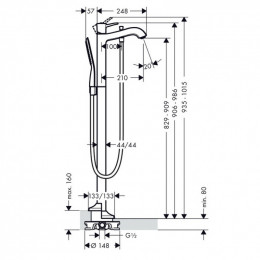 Смеситель Hansgrohe Metropol Classic 31445090 для ванны, хром/золото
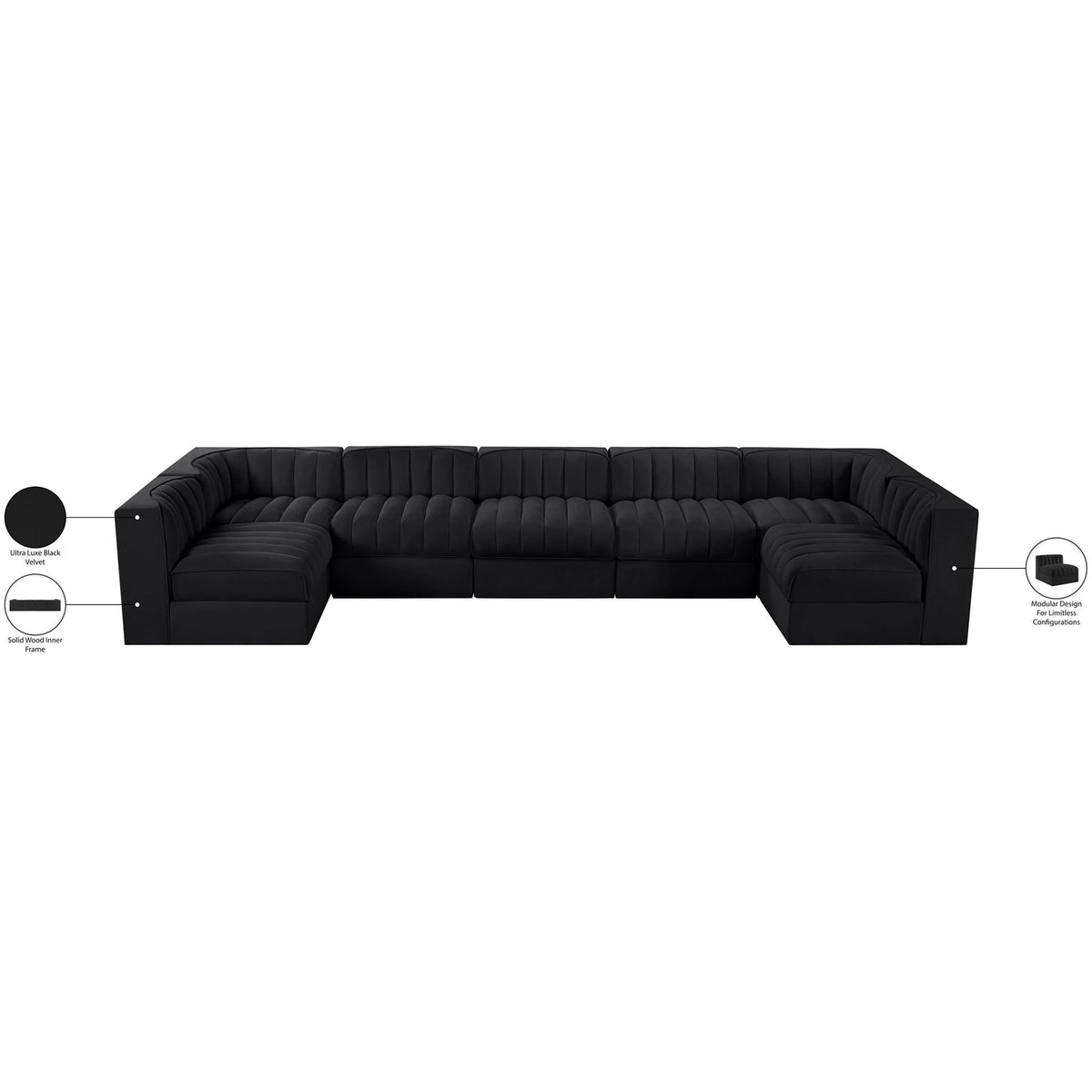 Rummi Black Velvet Performance Fabric Upholstered 7 Piece Modular Sectional Sofa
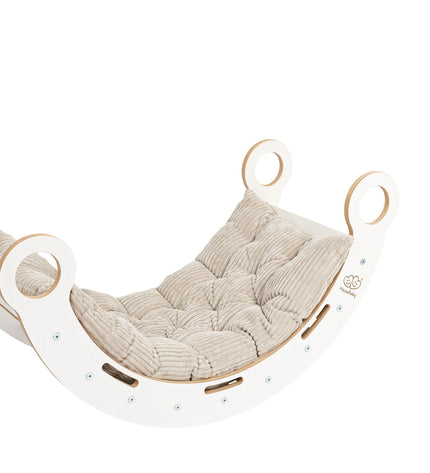 White Wooden Dream Rocker with Pillow and Slide - Medium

_ _ _ _ _

• [The task] Print the data above exactly; drop every picture.

• [Answer section]
 Смеситель Hansgrohe Metropol Classic 31445090 для ванны, хром/золото
 Rummi Black Velvet Performance Fabric Upholstered 7 Piece Modular Sectional Sofa
 White Wooden Dream Rocker with Pillow and Slide - Medium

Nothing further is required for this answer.